Between Islam and the State: The Politics of Engagement
By Berna Turam
Stanford University Press, 2007, 223 pp., ISBN 0804755019
In the aftermath of 9/11, relations between Islam and the secular state have increasingly become a matter of scholarly interest. Between Islam and the State is one of the many recent studies analyzing state-Islam relations, in this instance focusing on the Turkish case. In this insightful piece of political ethnography, Berna Turam argues that everyday interactions between "Islamic" actors and the state have resulted in vertical networks which provide linkages between these two sides. In addition to actualizing an increasingly non-confrontational relationship between Islamic and state actors, these networks have also led to mutual changes on both sides that are oriented toward democratization. Regarding the Islamic actors, Turam focuses both on the Gulen movement, which is the largest Islamic movement in Turkey with international networks and influence, and on the Justice and Development Party (Adalet ve Kalkinma Partisi, or AKP), which has been the ruling party since the 2002 general elections. Although there is no direct overlap between the movement and the party, Turam notes, they share a cooperative attitude toward the state.
Turam defines "engagement" as everyday interactions "ranging from contestation and negotiation to accommodation, cooperation and alliance" (p. 13). The first chapter of her book introduces the Islamic actors and a concept of civil society drawn from de Tocqueville. The following chapter, after providing a brief overview of state-Islam relations in late Ottoman and Republican times, discusses the Gulen movement and its encounters with the state in general. Chapter 3 concentrates on the schools and universities founded and administered by the movement both in Turkey and abroad. The focuses of chapters 4 and 5 are the nationalist policies of the movement in the Central Asian Turkic republics, and the patriarchal gender order of the movement, respectively. An analysis of the AKP and its engagements with the state actors constitutes the sixth chapter.
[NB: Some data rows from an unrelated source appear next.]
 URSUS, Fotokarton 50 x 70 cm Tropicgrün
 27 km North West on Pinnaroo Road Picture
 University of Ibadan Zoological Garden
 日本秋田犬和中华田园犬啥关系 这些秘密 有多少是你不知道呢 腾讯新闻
Turam's concluding chapter discusses the pros and cons of promoting the "Turkish model," and argues that Turkey's is a historically contingent and contextually specific case.
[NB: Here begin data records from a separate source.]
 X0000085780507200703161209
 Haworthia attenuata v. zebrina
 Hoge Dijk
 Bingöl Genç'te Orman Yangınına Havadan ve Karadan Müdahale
Turam, drawing on the work of Joel Migdal, conceptualizes the state as "a multi-layered social organization made up of branches, officials, offices and diverse agendas" (p. 11). It is considered an everyday actor rather than a monolith abstract. Accordingly, neither the state nor the Islamic movements are regarded as homogenous. This is indeed one of the major strengths of the book; neither the state nor the Islamic movements are reified in a monolith category. However, Turam pays insufficient attention to the state, providing little information on the part of state actors in the everyday engagements she describes. Instead, Turam focuses extensively on the Gulen movement. Looking into the various aspects of the movement's undertakings, such as education, gender issues, and ethnic and international politics, she argues that the movement forms "window sites" both in Turkey and abroad in order to "exhibit the movement's civic goals" (p. 57). These window sites are the "planned beneficiary activities and project-based civil society action" which are engineered by the movement to "ensure transparency and accountability, both to the public and to the state" (ibid). Turam's participatory observations show that these undertakings differ from the lives of the movement's followers in the private sphere, i.e. the homes and the dorms. She posits that trying to "revive Islam under secular democratic political institutions" has brought about this new compartmentalization of faith-based activities (p. 29).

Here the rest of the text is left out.